Compra fracionada de dólares é estratégia para evitar perdas

Compra fracionada de dólares é estratégia para evitar perdas

Quem vai viajar ao exterior no período de férias escolares e precisa comprar dólares deve se planejar para conseguir realizar a compra com um bom preço médio, mesmo em cima da hora. Nesta quarta-feira (4), a moeda fechou o dia cotada a R$ 4,20.

No dia 27 de novembro, o dólar bateu o novo recorde histórico, cotado a R$ 4,26

O coordenador do curso de Administração do Instituto Mauá de Tecnologia, Ricardo Balistiero, orienta que o turista compre dólares aos poucos até a data da viagem. “Você tem que fazer o preço médio. Se você vai viajar no mês de fevereiro, no Carnaval, compre um pouco agora, daqui mais ou menos 45 dias compre mais um pouco e na véspera mais”, afirma. Para Balistiero, o importante é não querer ganhar muito nem perder com a compra.

Não é possível prever os movimentos do câmbio para os próximos meses, já que o regime é flutuante e fica suscetível ao mercado interno e externo, mas, para Balistiero, o dólar na casa dos R$ 4 veio para fica. “Quem viu câmbio a R$ 2 não deve ver nunca mais”. 

O coordenador do MBA em Gestão Financeira da FGV (Fundação Getulio Vargas), Ricardo Teixeira, diz que a compra fracionada reduz o risco de quedas ou aumentos muito altos. No entanto, para quem está com a viagem muito próxima, a melhor tática é comprar todo o valor logo, para evitar problemas. “Quando você trava o câmbio, você pode comprar mais dólares com o menos dinheiro”, afirma.

Para Teixeira, a variação da moeda não deve ser muito grande nos próximos meses, a não ser que aconteça algo muito grave.

A diretora pedagógica da DSOP Educação Financeira, Ana Rosa Vilches, afirma que, quando há aumento do câmbio, é importante reduzir o custo da viagem. “Se aumentou [a cotação do dólar], eu terei que reduzir o valor da viagem na mesma porcentagem. Eu estava me preparando para x e aconteceu y. Eu não posso me endividar por conta disso”, diz.

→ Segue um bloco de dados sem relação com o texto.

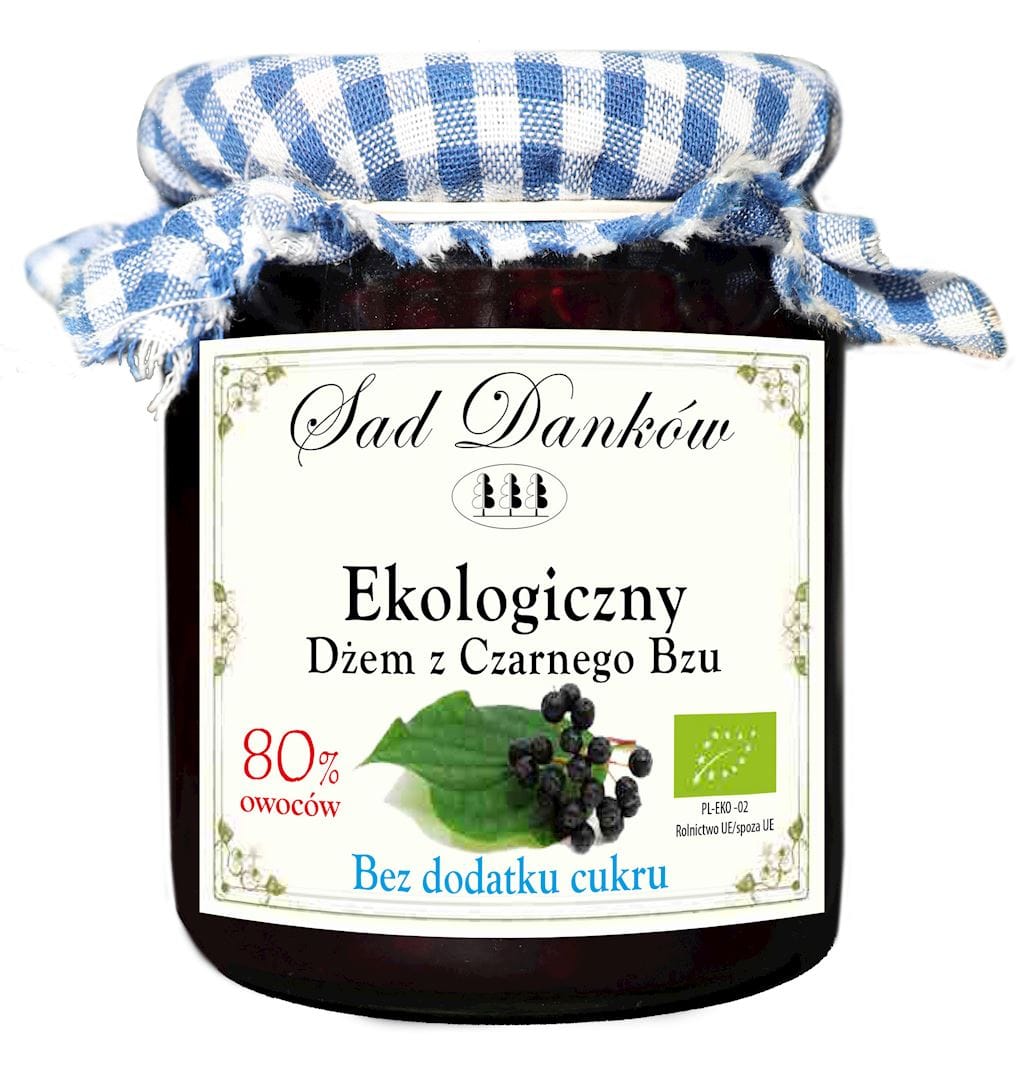 CZARNY BEZ 80 % BIO 260 g - SAD DANK&Oacute;W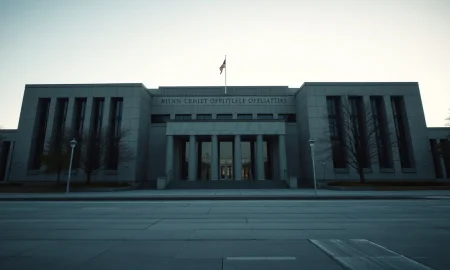 A serious editorial image representing financial regulation and the ongoing debate surrounding Ripple and XRP.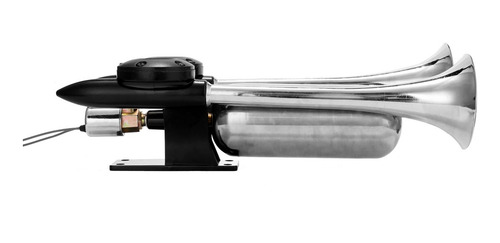 Imagen 3 de 6 de Trompeta Doble Bocina De Aire 300db Camión Universal Kit De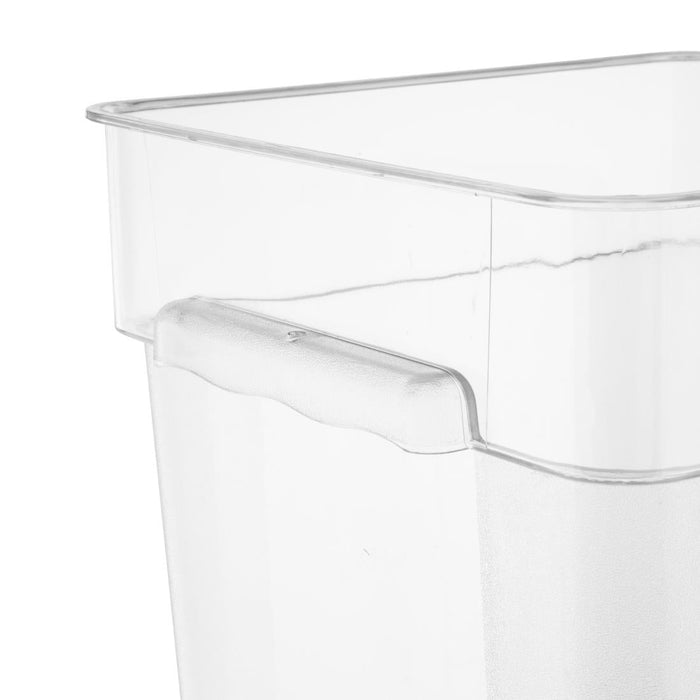 Hygiplas Polycarbonate Square Storage Container 15Ltr Vogue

Vilches orienta que os participantes da viagem discutam sobre quais os passeios e compras que precisarão ser deixados de lado por causa do aumento da moeda. Para ela, também é importante comprar passeios ainda no Brasil, já que o pagamento é realizado em reais e o há possibilidade de parcelamento. 

Negociação em casas de câmbio

Balistiero recomenda que o turista pesquise os preços nas casas de câmbio para conseguir benefícios melhores. “Em um momento de competição, as empresas podem estar oferecendo a venda da moeda com algum tipo de desconto ou entregar na casa da pessoa e economizar do deslocamento, por exemplo”, afirma.

A pesquisa é ainda mais importante para quem pretende levar grandes montantes para a viagem. Há diferenças de centavos entre as casas de câmbio, mas o valor pode ser relevante ao final.

Para Vilches, o turista pode trocar moedas em casas de câmbio no destino da viagem, mas o ideal é levar todo o valor trocado para não correr o risco de pagar mais do que planejado.

Teixeira afirma que o ideal é “nunca comprar demais o dinheiro que você precisa levar”, já que aumentam as chances de perder dinheiro na hora de trocar por reais na volta da viagem.